If this is one of the main things you want to demonstrate, wouldn't it be better to focus on this one goal first, instead of the whole pipeline from a C preprocessor to directly linked executables?

Essentially, if you say that LLVM's mid-end in particular is slow, I would expect you to present a drop-in replacement for LLVM's mid-end opt tool. You could leave C-to-LLVM-bitcode to Clang. You could leave LLVM-bitcode-to-machine-code to llc. Just like opt, take unoptimized LLVM bitcode as input and produce optimized LLVM bitcode as output. You would get a much fairer apples to apples comparison of both code quality and mid-end compiler speed (your website already mentions that you aren't measuring apples-to-apples times), and you would duplicate much less work.

Alternatively, look into existing Sea of Nodes compilers and see if you can build your demonstrator into them. LibFIRM is such a C compiler: https://libfirm.github.io/ There may be others.

It just seems like you are mixing two things: On the one hand, you are making some very concrete technical statements that integrated optimizations are good and the Sea of Nodes is a great way to get there. A credible demonstrator for this would be very welcome and of great interest to the wider compiler community. On the other hand, you are doing a rite-of-passage project of writing a self-hosting C compiler. I don't mean this unkindly, but that part is less interesting for anyone besides yourself.

EDIT: I also wanted to mention that the approach I suggest is exactly how LLVM became well-known and popular. It was not because of Clang; Clang did not even exist for the first eight years or so of LLVM's existence. Instead, LLVM focused on what it wanted to demonstrate: a different approach to mid-end optimizations compared to the state of the art at the time. Parsing C code was not part of that, so LLVM left that to an external component (which happened to be GCC).

link

DannyBee 516 days ago

I'm very confused what magic you believe will achieve what has not so far been achieved.

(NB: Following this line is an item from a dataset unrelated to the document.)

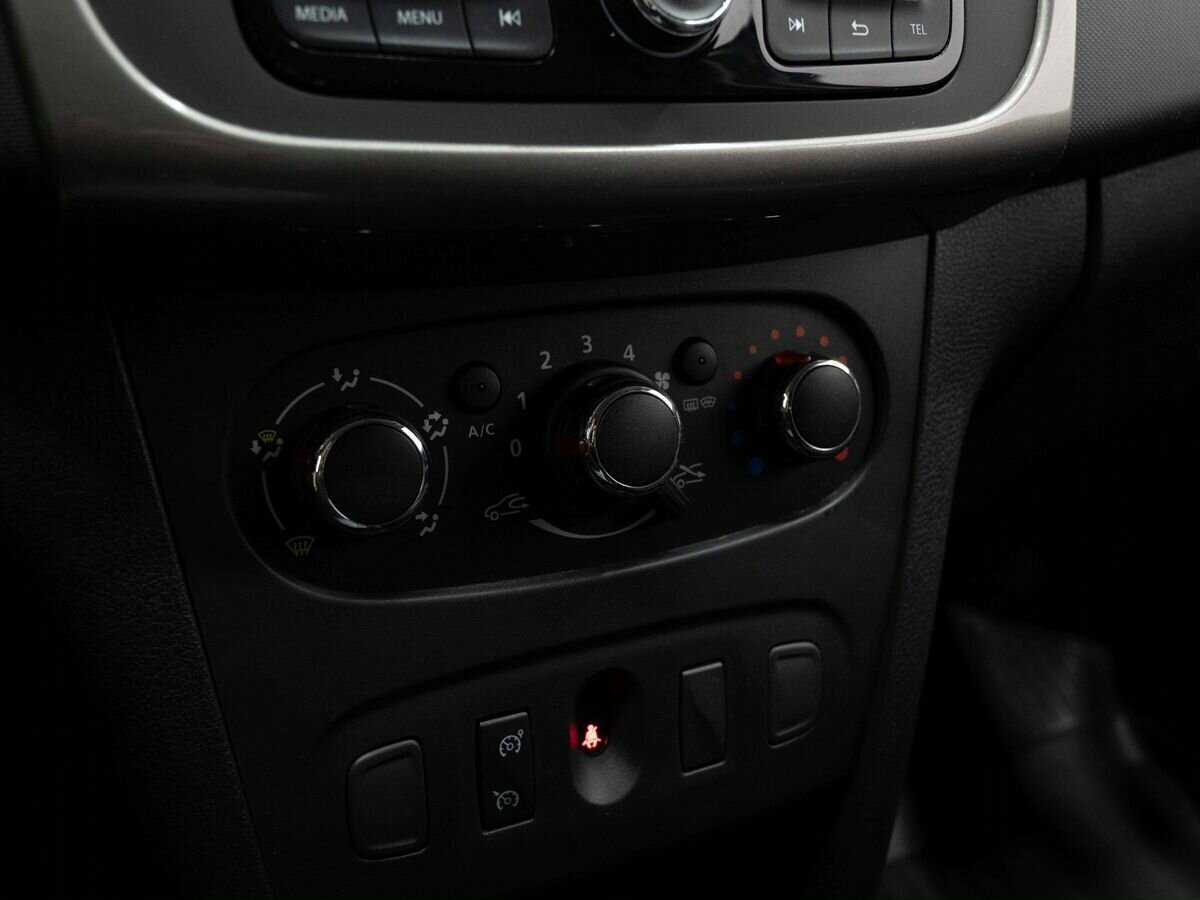 Renault Sandero 2020 года с пробегом. Фото: #18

I'm also confused why you believe LLVM didn't start out the exact same way?

I say this as one of the main people responsible for working on combined pass replacements in both GCC and LLVM for things that were reasonable to be combined.

I actually love destroying lots of passes in favor of better combined ones. In that sense, i'm the biggest fan in the world of these kinds of efforts.

But the reason these passes exist is not cruft, or 20 years of laziness, - it's because it's very hard to replace them with combined algorithms that are both faster, and achieve the same results.

What exactly do you plan on replacing GVN + Simplify CFG + Jump Threading + correlated value prop with?

It took years of cherrypicking research and significant algorithm development to develop algorithms for this that had reasonable timebounds, were faster, and could do better than all of them combined. The algorithm is quite complex, and it's hard to prove it terminates in all cases, actually. The number of people who understand it is pretty small because of the complexity. That's before you get to applied engineering of putting it in a production compiler.

These days, as the person originally responsible for it, i'd say it's not better enough for the complexity, even though it is definitely faster and more complete and would let you replace these passes.

Meanwhile, you seem to think you will mature everything and get there in a few years.

I could believe you will achieve some percent of GCC or LLVM's performance, but that's not the reason these passes exist. They exist because that is what it reasonably takes to achieve LLVM (and GCC's) performance across a wide variety of code, for some acceptable level of algorithm complexity and maintainability.

So if you told me you were only shooting for 80% across some particular subset code, i could believe 10-20 passes. If you told me you were going to build a different product that targets a different audience, or in a different way, i could maybe believe it.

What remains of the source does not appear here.